I returned home around 3:15pm. The Cat was playing Jump Start World: First Grade.
Sure, I know there was some time in there where he and Husband ran a couple errands and got lunch, but the time he was home he was glued to the computer, earning "gems."
Reward for good work is a huge motivator for the Cat. Jump Start World's gem reward system has gotten the Cat very excited about mastering levels and clearing units. We received Jump Start World: First Grade through the Parent Bloggers Network.
The Cat has tried some educational video games before, but they haven't been nearly as sophisticated.
The Cat enjoys "regular" video games and social sites like Club Penguin and when he was younger I picked up some of those educational disks at Best Buy or Fry's, but while he enjoys the purely-adventurous nature of Club Penguin, he never got into the educational stuff.

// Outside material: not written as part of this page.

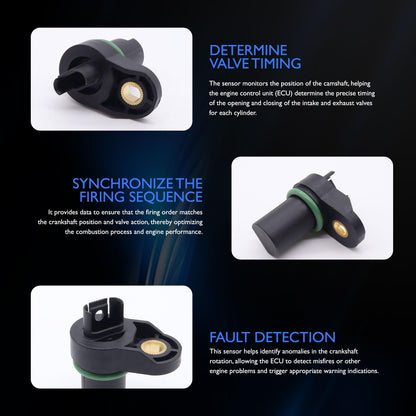 HiSport Crankshaft Position Sensor - Compatible with BMW Morgan Rolls-Royce Replaces 13627548995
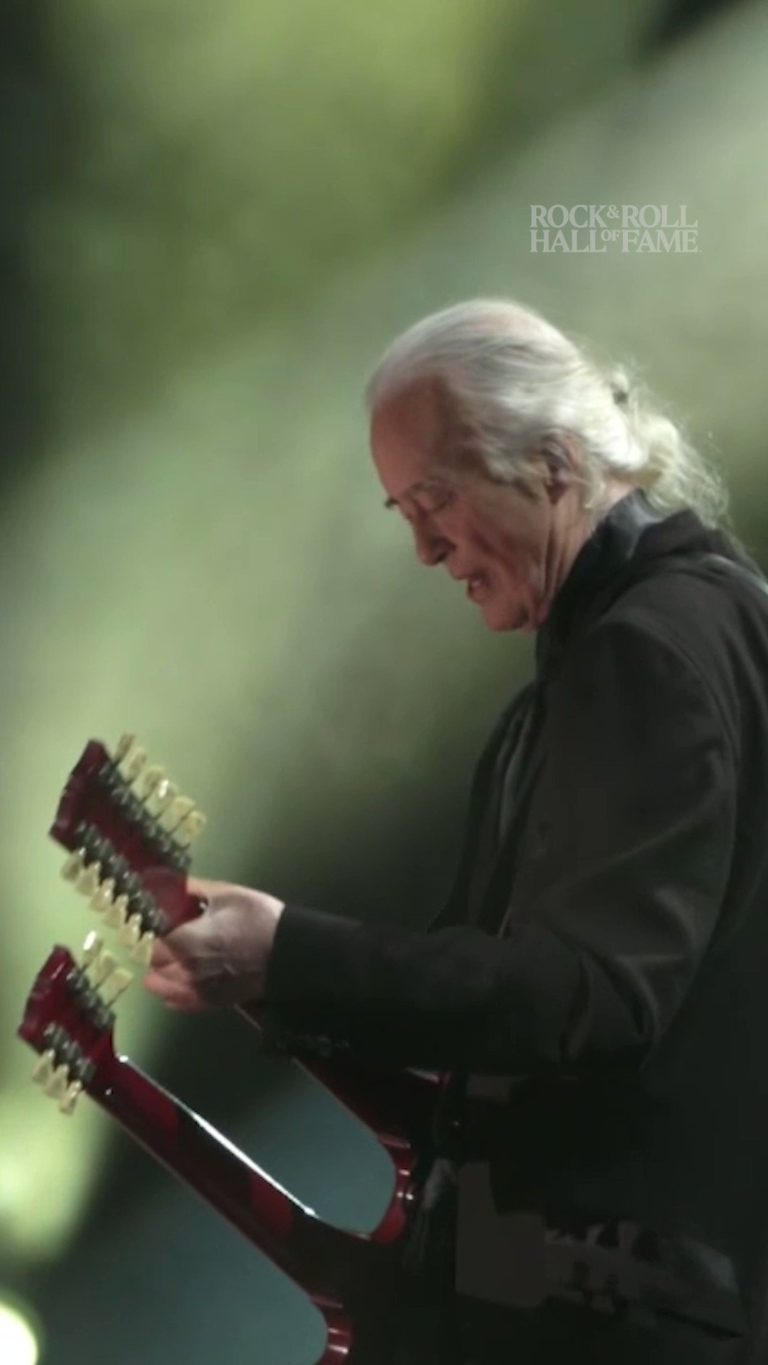 Jimmy Page Pays Tribute To Link Wray At The Rock And Roll Hall Of Fame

Conversely, he is very excited about Jump Start World. It is an interactive world, like some of those social games, but then rather than playing a simple game of tic-tac-toe, the ability to place an "X" or "O" hinges upon the user answering a question correctly. Viola - Educational! There are versions of "Frogger," "Tetris," and "Connect Four" (but as "Five in a Row,") all tied to educational concepts.
Initially, I was a bit concerned that the quizzes were too simple for the Cat. Identifying an "uppercase M," for example, is rather simple for a first grader; however, these simple tasks meant that he got the hang of the hand-eye coordination of the game, so when the concepts (hopefully) become more complex, he won't be tripped up by the way the game is played and can focus on the educational concept. Similarly, there was a number identification game that asked for "above 5" but then nearly all the numbers were greater than 5. It was very difficult to make a mistake!
Still, there were some concepts that were surprisingly tricky for the Cat, despite my assumption that it was too easy yet. First, issues of categorization sometimes confused him: instructed to "click on all the colors," no problem! But "click on transportation," and he cried, worrying what that was until I explained, "vehicles: ways of getting places." During a rather simple reading comprehension, the Cat easily answered all the "facts" about the story: "What sentence wasn't in the story?" and "What did the broom turn into?" but he froze when asked, "How did the character feel...?" until he thought it out a bit.
And so, even if the program isn't quizzing him on advanced mathematics or having him read stories on his own, it seems that there are some other educational concepts that the Cat will need to work on, such as social skills, and will enjoy doing so given this interactive universe and reward system.
As the Cat continues earning "gems," he can turn them in online for rewards. I can check his progress in the parental section. As the Cat requires new material, new "adventure packs" will be downloaded, at least one per month, up to twelve for each grade.
The one trick that both the Cat and I had difficulty with was whenever a letter sound was needed to complete the game. For example, "What letter sounds like...?" questions stumped us both because while the speaker sounded like "V," it was really "F" and so forth. I am not sure whether this is a function of my computer's speaker quality, the game's pronunciation, or the Cat and my hearing!
Aside from this glitch, I foresee the Cat spending a lot of time maneuvering his little cat character through the Jump Start World universe.
Jump Start World's website has a free trial for download. To purchase the system is only $19.95 (for Kindergarten, First Grade, or Second Grade.)